In fondo, il giudizio più inquietante per il governo in carica è stata l’apertura in rialzo di Piazza Affari: quasi un piccolo momento liberatorio da parte di un pezzo di Azienda-Italia che – come molti altri pezzi – pensa che “a Berlusconi qualcuno glielo deve dire”. Gliel’ha detto Standard & Poor’s: che certamente legge i giornali, dove certamente non dovrebbero finire direttamente le intercettazioni di telefonate fatte da un capo di governo appena due settimane prima. Ma ancora una volta non c’è più tempo per discutere le regole di una democrazia funzionante.

E poi S&P’s non ha detto che Berlusconi deve andarsene (così come non ha detto che Obama non dev’essere rieletto tra un anno): ha detto che l’Italia ha bisogno di un governo degno di questo nome. E il presidente Napolitano ripete – anche a chi continua a premere per esecutivi tecnici – che nella nostra democrazia parlamentare un governo resta in carica se ha una maggioranza. E anche Berlusconi ha l’opportunità di rimettersi a governare, avendone i numeri. Può farlo con il governo in carica o cambiando alcuni ministri.

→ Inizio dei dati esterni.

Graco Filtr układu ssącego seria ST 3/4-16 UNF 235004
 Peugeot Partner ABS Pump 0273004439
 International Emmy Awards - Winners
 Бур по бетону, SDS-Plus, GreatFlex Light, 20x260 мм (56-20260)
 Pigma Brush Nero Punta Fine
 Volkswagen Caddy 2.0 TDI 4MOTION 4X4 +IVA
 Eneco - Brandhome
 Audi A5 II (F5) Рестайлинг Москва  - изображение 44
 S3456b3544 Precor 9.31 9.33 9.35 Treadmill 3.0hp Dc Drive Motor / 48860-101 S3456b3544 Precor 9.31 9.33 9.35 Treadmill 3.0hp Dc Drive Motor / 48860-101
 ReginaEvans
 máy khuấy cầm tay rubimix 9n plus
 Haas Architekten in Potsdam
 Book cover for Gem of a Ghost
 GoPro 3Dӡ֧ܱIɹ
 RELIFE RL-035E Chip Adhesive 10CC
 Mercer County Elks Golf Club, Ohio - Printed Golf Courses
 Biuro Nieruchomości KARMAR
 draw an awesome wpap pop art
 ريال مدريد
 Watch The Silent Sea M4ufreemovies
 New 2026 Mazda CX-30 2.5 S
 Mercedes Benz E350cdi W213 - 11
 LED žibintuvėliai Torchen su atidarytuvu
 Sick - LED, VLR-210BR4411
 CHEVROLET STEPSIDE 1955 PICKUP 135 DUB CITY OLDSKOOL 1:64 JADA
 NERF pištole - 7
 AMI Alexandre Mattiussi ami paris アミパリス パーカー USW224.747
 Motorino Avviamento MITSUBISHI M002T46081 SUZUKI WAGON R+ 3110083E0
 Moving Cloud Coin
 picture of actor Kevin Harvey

 Standard & Poor’s, in fondo, gli ha fornito una chance finale: dimostrare che la sua capacità di governare prescinde dal pressing giudiziario e dal “gossip giornalistico”. Certo non è facile allorché tutto lo schieramento politico è sotto scacco da parte delle Procure: caso Tarantini, “caso Milanese”, “caso Penati” inchiesta P4. Ma – come sottolineava Winston Churchill – la democrazia resta sicuramente il peggiore dei sistemi politici, salvo tutti gli altri.